The New Way (EEND-VC): The team used a new "Traffic Cop" AI. Instead of just listening, it looks at the whole conversation at once. It uses a technique called Vector Clustering.

  • Analogy: Imagine a crowded dance floor. Old systems try to track one dancer at a time. This new system takes a photo of the whole floor, groups the dancers by their outfits (voice patterns), and instantly separates the "Doctor's Dance" from the "Patient's Dance," even when they are bumping into each other.

Step 2: The "Translator" (Speech-to-Text)

The Job: Turn the separated voices into written words.
The Challenge: The text is in Devanagari script (Hindi) mixed with English, and it has medical jargon.
The Fix: They took a powerful AI model (Qwen3) and gave it a crash course.

  • Domain Training: They fed it thousands of hours of Hindi medical conversations so it learned the specific words doctors use.
  • The "Spell-Check" (Error Correction): Sometimes the AI gets confused and writes "head ache" instead of "headache." They added a second AI (an LLM) that acts like a strict editor. It reads the whole conversation and fixes the typos and weird phrasing without changing the meaning.
  • Result: They got the text 80% more accurate than the baseline.

Step 3: The "Diagnosis Detective" (Condition Extraction)

The Job: Read the text and pull out the specific medical conditions (e.g., "diabetes," "fever").
The Experiment: They tested two ways to do this:

  1. The Cascade (Text-Based): Listen → Write Text → Read Text → Find Disease.
  2. The End-to-End (Audio-Based): Listen → Find Disease directly (skipping the writing step).

The Big Surprise:

  • The Text-Based system (their open-source winner) was very good. It won the competition against 24 other teams!
  • However, the Audio-Based system (using a proprietary "black box" AI) was actually the best at finding diseases.
  • Analogy: The Text-Based system is like a human taking notes and then reading them to find the answer. The Audio-Based system is like a psychic who hears the tone of voice and the hesitation and knows the answer immediately. The "psychic" (Audio) is slightly better, but the "note-taker" (Text) is incredibly close and, crucially, free and open for everyone to use.

3. Why This Matters

  • Real-World Ready: This isn't a lab experiment. It works on real, noisy recordings from rural India.
  • Open Source: The team released all their code. It's like giving the recipe for the "Traffic Cop" and the "Translator" to the whole world, so other developers can build on it.
  • Privacy: Because they built a system that works well without needing to send data to a giant tech company's server, it's safer for patient privacy.

The Takeaway

The paper proves that you don't need a magic "all-in-one" AI to solve complex medical problems. You can build a team of specialized AIs (a Traffic Cop, a Translator, and a Detective) that work together.
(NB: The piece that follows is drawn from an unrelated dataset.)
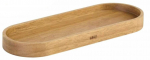 Serveerimisalus AdHoc Posto, 23 cm, 8.5 cm, Pruun v.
While the "magic" AI is slightly better at the very end, this team approach is robust, transparent, and good enough to win the world championship.

In short: They taught computers to listen to messy, mixed-language doctor visits, separate the voices, write down the words perfectly, and figure out what's wrong with the patient—all while keeping the code open for everyone to see.